Many solutions exist to greatly reduce the overheads due to interrupt handlers, like interrupt coalescing and other optimizations available on Linux through New API (NAPI) [21], including hybrid interrupt-handling techniques that switch dynamically between interrupt disabling-enabling (DE) and polling (NAPI) depending on the actual traffic on the line [20].
Comparisons among Remote Direct Memory Access (RDMA) [15], DPDK and traditional sockets already exist [5], mainly focusing on the achievable minimum round-trip latencies between two different machines. These works show how both RDMA and DPDK can outperform sockets, achieving much smaller latencies for small UDP packets, at the cost of forcing applications to operate in poll mode, leading unavoidably to high CPU utilizations. Also, authors point out that DPDK can actually be used in combination with interrupts, saving energy, but before sending or receiving packets the program must switch back to polling mode. This reduces CPU utilization during idle times, at the cost of a greater latency when interrupts must be disabled to revert to polling mode, when the first packet of a burst is received.
Another survey among common networking set-ups for high-performance NFV exists [8], accompanied by a quantitative comparison addressing throughput and CPU utilization of SR-IOV, Snabb, OVS with DPDK and Netmap [16]. Authors highlight how the different solutions have remarkable differences in security and usability, and they show that, for local VM to VM communications, Netmap is capable of reaching up to 27 Mpps (when running on a 4GHz CPU), overcoming SR-IOV due to its limited internal switch bandwidth that becomes a bottleneck. While in this paper we provide a thorough performance analysis for many of the networking solutions described in that work, some of them have not been included; in particular, we did not evaluate NetVM [6] and Netmap (along with its associated virtual switch, VALE [17]), because our focus has been here on solutions commonly adopted in current NFV industrial practice. However, their inclusion in the comparison is among our planned future work.

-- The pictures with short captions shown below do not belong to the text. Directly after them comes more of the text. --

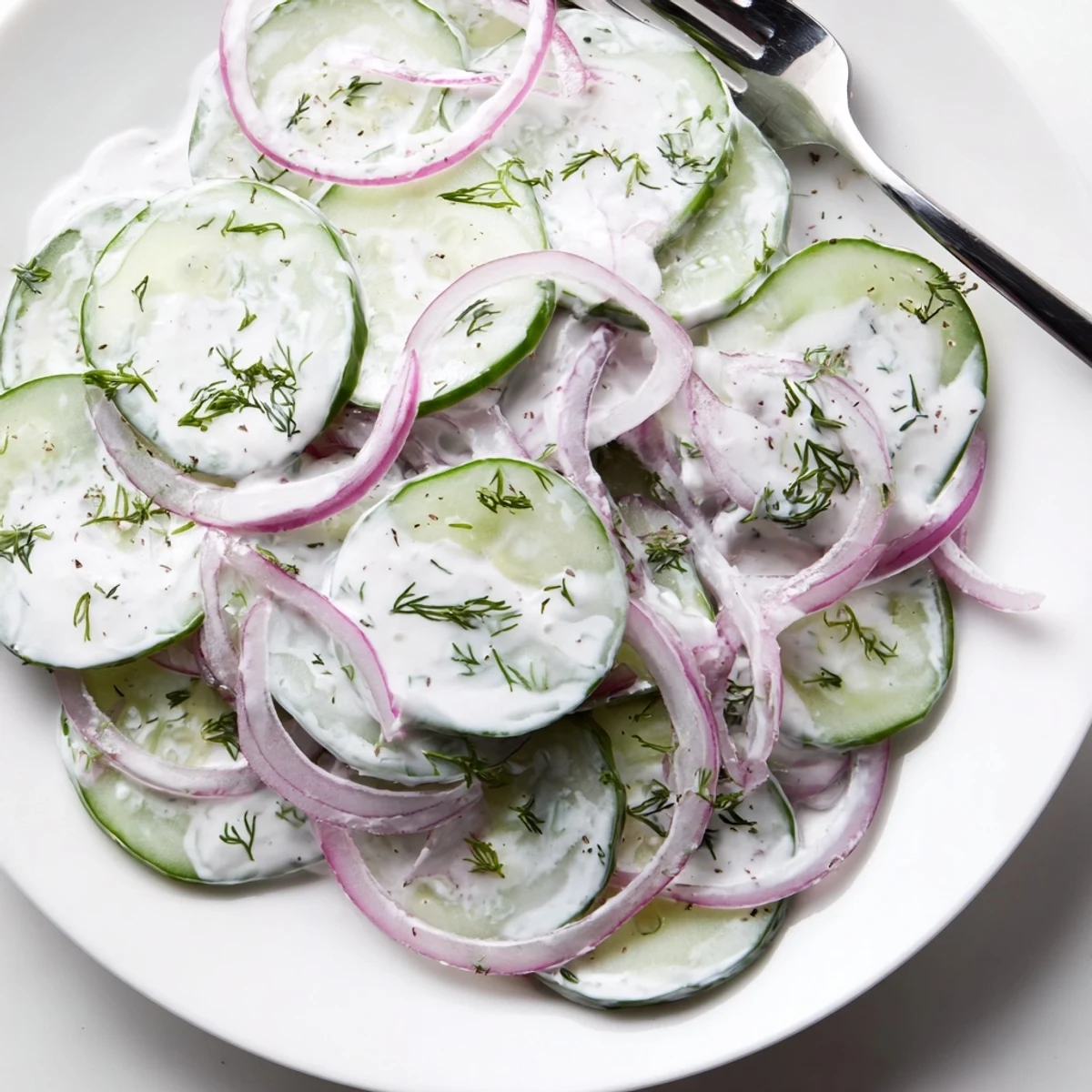 Crisp cucumber dill salad featuring red onions and herbs coated in tangy sour cream dressing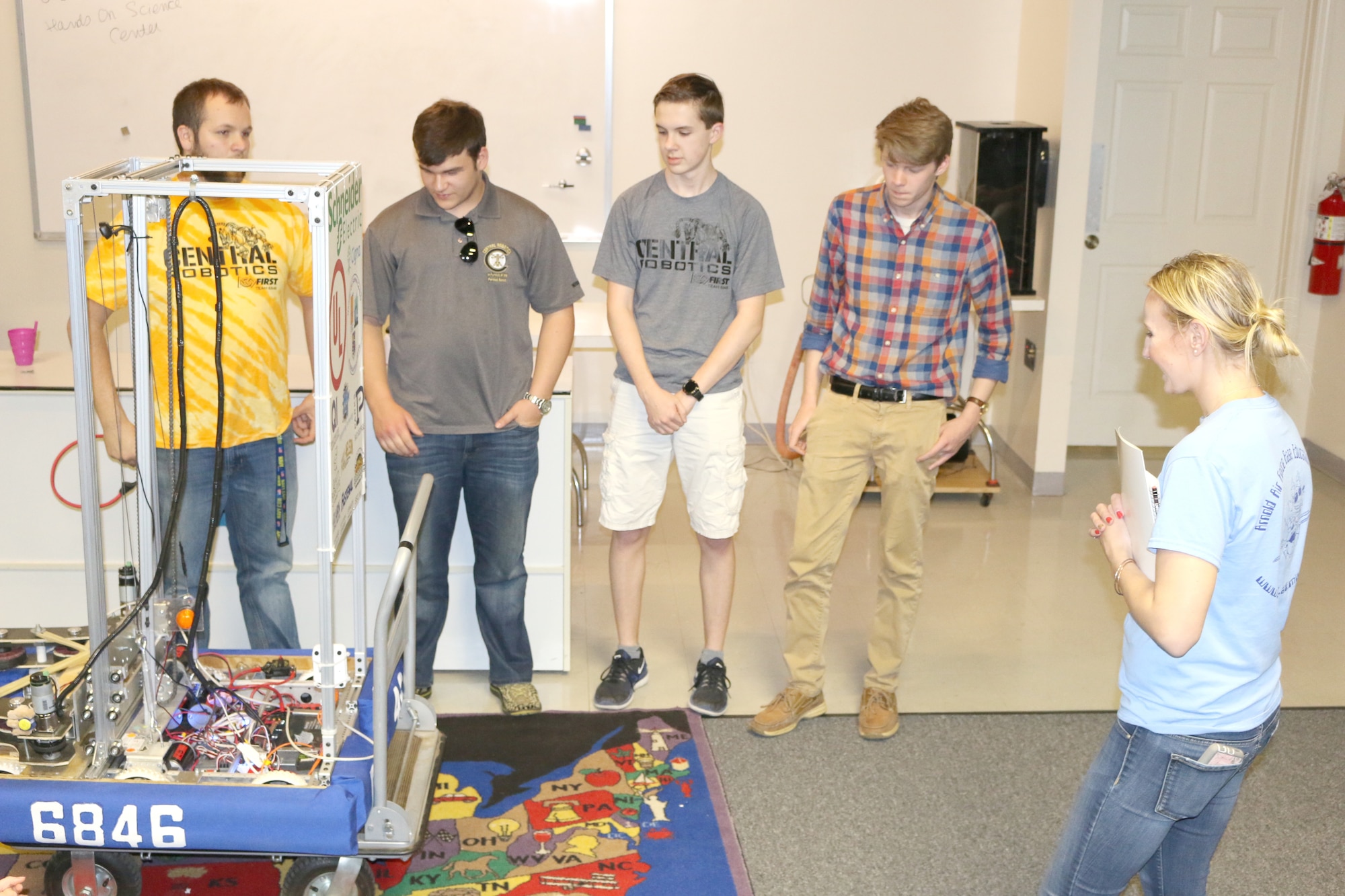 Olga Oakley, the Hands-On Science Center Air Force STEM director, at right standing, asks the Central Magnet Robotics team about their trip to the FIRST® Robotics World Championship in Houston, Texas. The Central Magnet Robotics team visited the HOSC in Tullahoma May 1 to give a demonstration. Pictured, starting left standing, are Aidan Gibson, Jimmy Jones, David Schafer, Drew Dove, Marc Guthrie, Olga Oakley, Maddy Perrien and Ethan Davenport. (U.S. Air Force photo/Deidre Ortiz)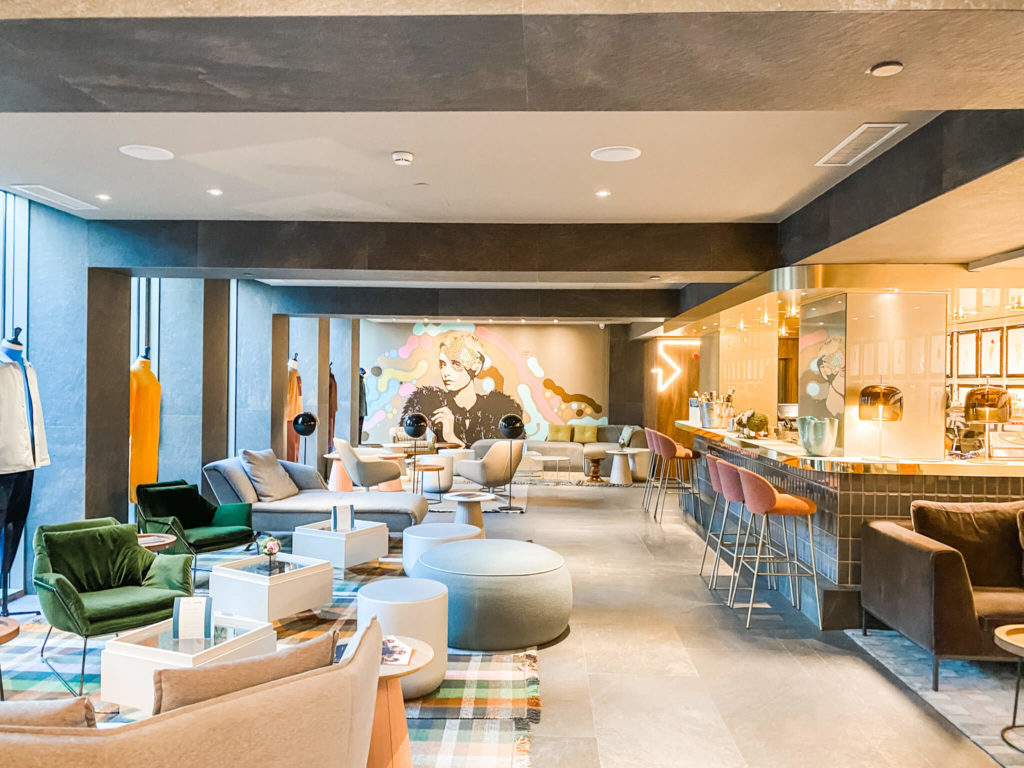 hotel lobby with colorful mural on one wall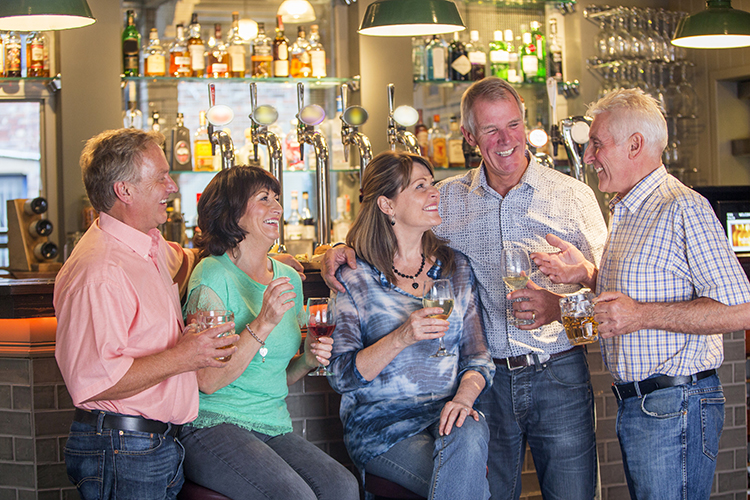 Happy Senior Friends in a Pub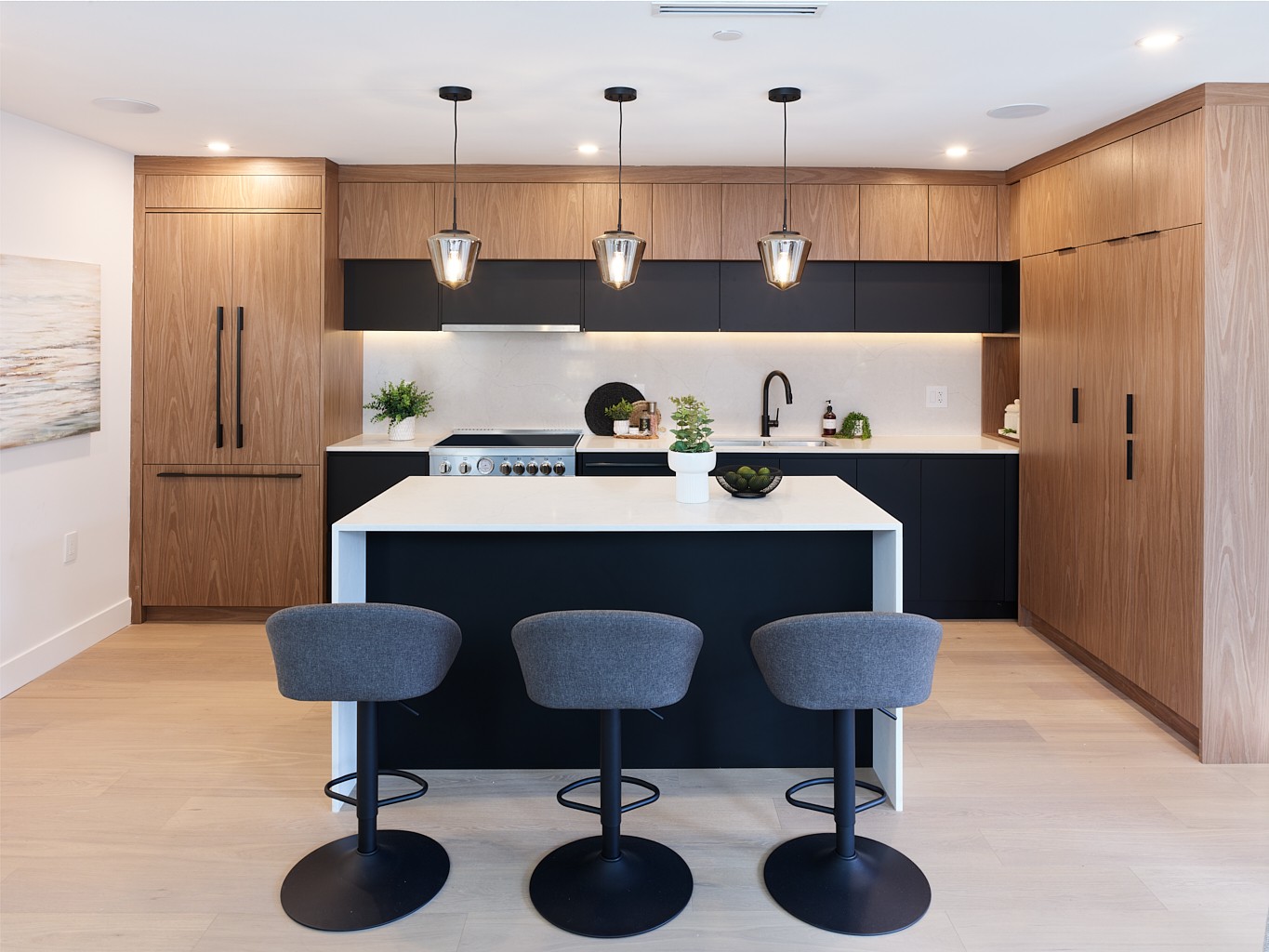Vancouver kitchen with waterfall quartz island, walnut cabinetry, and black bar stools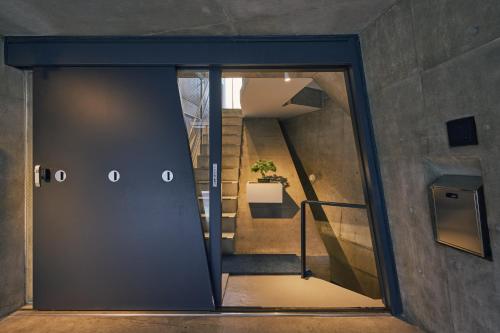 a glass door leading to a stairwell with a staircase at Crane Stay Shibuya in Tokyo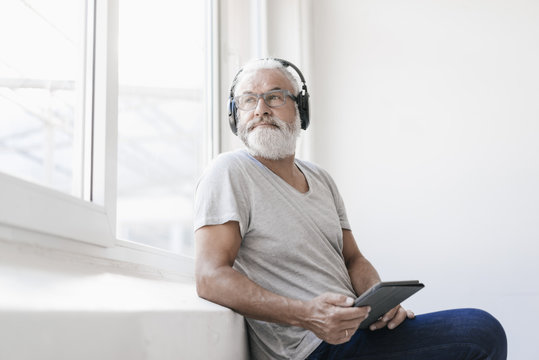 Mature man with tablet and headphones looking out of window
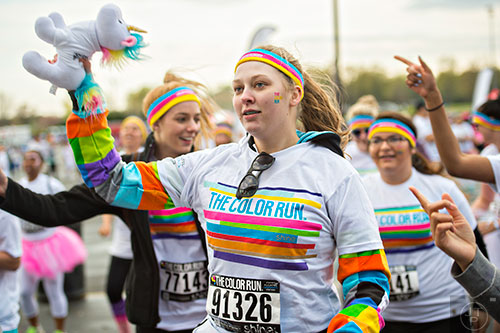 Billie Jean Jeffcoat (center) dances to a zumba warmup with her stuffed unicorn before the start of The Color Run at Atlanta Motor Speedway in Hampton on Saturday, April 4, 2015. 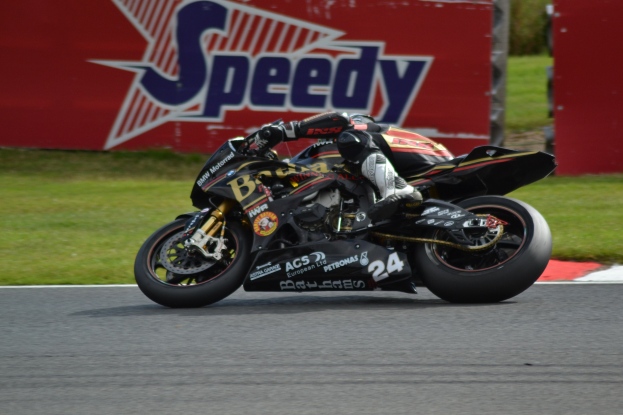 Eine Person in Helm und Schuhwerk fährt ein Motorrad auf einer Rennstrecke, die von Gras umgeben ist, mit einer Tafel im Hintergrund, auf der Text zu sehen ist.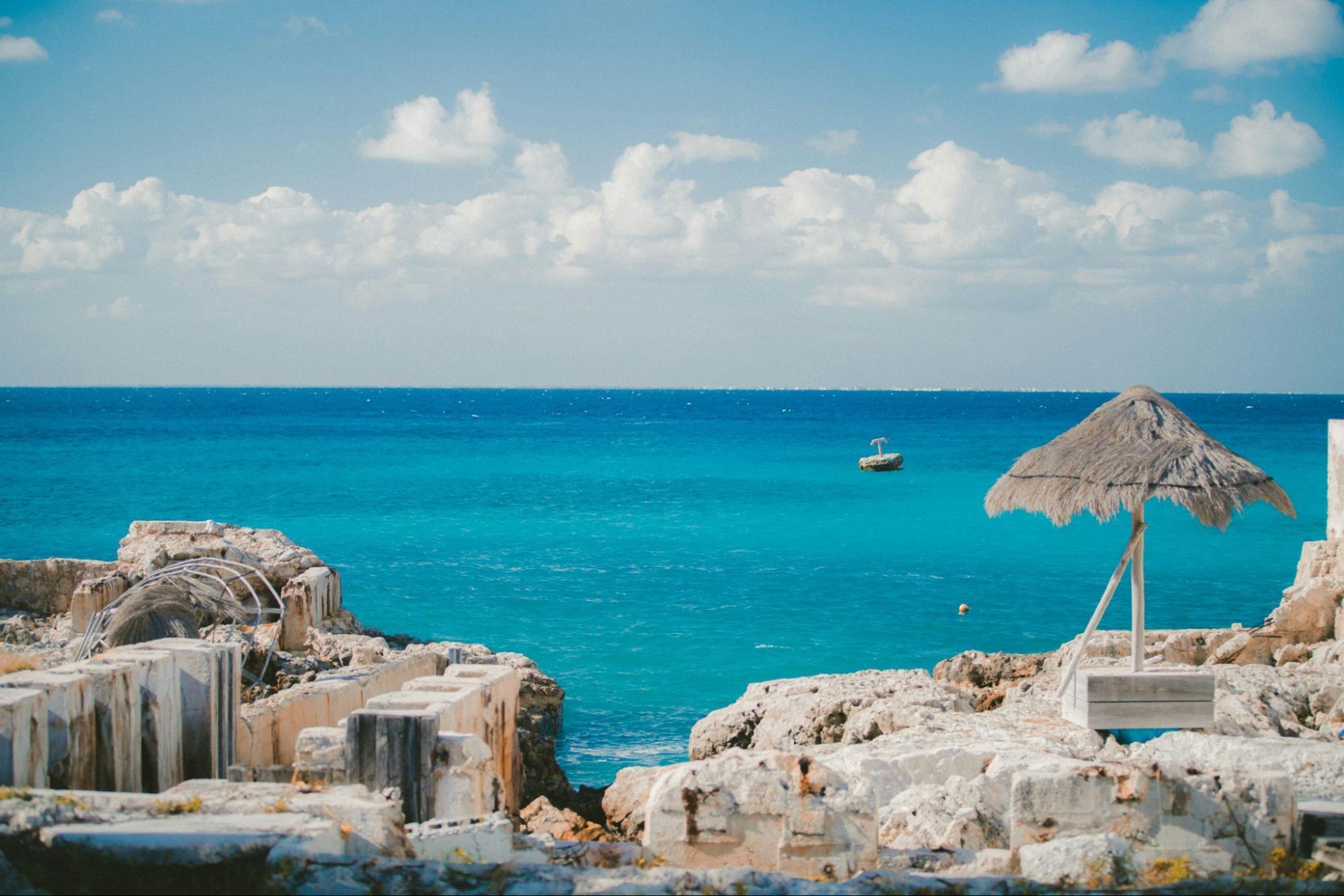 Rocky Caribbean coastline with turquoise sea and thatched parasol
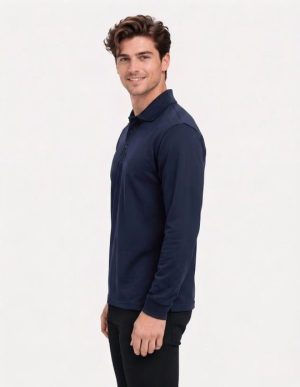 Man in a navy long-sleeve polo shirt standing in profile against a light background, smiling slightly.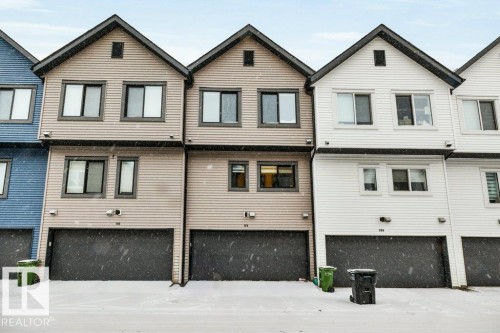 The property features a multi-story exterior with horizontal siding, a peaked roofline, and an integrated garage - 99 1010 Rabbit Hill Road, Edmonton, AB - Outdoor With Facade
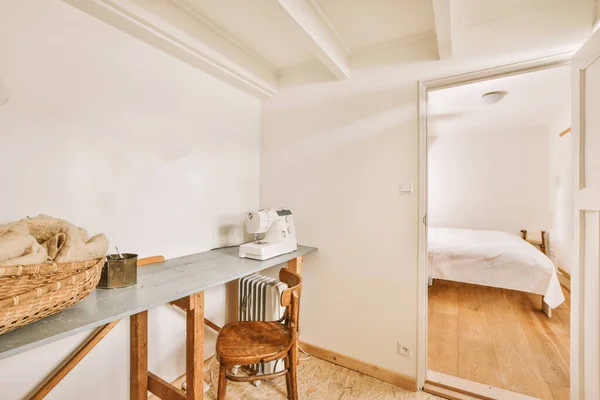 ベッドルームの横にある白い梁天井の明るい部屋にミシン バスケット ラジエーター付きのテーブル — ストック写真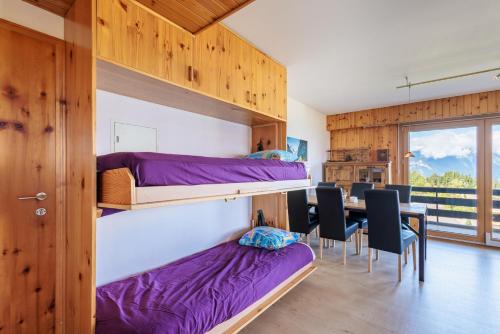 a room with bunk beds and a table with chairs at Chaedoz 21-2 - 4 pers - au calme in Nendaz
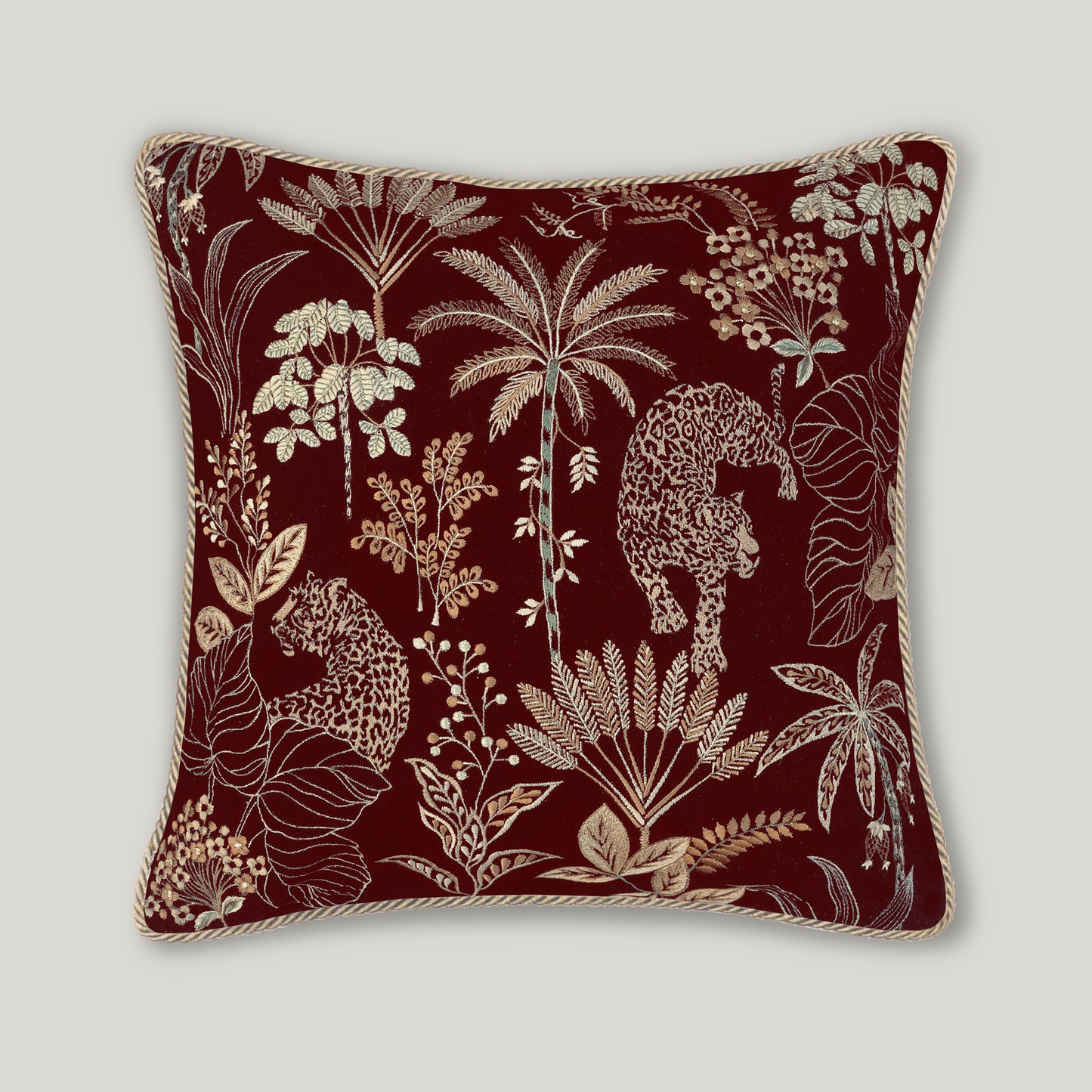 Selva Embroidery Cushion in rich burgundy velvet, featuring detailed decorative embroidery on a luxury wine-colored throw pillow.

In another interesting work [14], VPP, OVS and SR-IOV are compared with respect to scalability in the number of VMs on a single host. Other works exist in the area, but a complete state of the art review is out of the scope of this paper.
Differently from the above mentioned works that mostly deal with networking performance for virtual machines, in this paper we focused on industrially viable solutions for high-performance networking for Linux containers. Also, this paper extends our preliminary work [24], where a very basic comparison among communication techniques for co-located Linux containers was done, with a strong focus on motivational arguments for the research in the context of NFV.
5 Conclusions and Future Work
In this paper, we compared various switching technologies for inter-container communications, with a focus on high-performance and poll-based APIs employing batch-based packet processing in user-space. In our experimentation, the best performance has been achieved by SR-IOV, followed by Snabb, among DPDK based virtual switching solutions. These all outperform what is achievable with traditional socket-based APIs and a Linux virtual bridge.
In the future, we plan to extend the evaluation by: considering also the latency dimension, along with the throughput one considered in this work; comparing the various solutions when transmitting through a real network, in addition to the local communications considered here; considering additional works in the comparison, such as Netmap, VALE and NetVM; and finally evaluating how the various solutions impact the performance of a realistic NFV use-case, in addition to the low-level benchmark considered so far.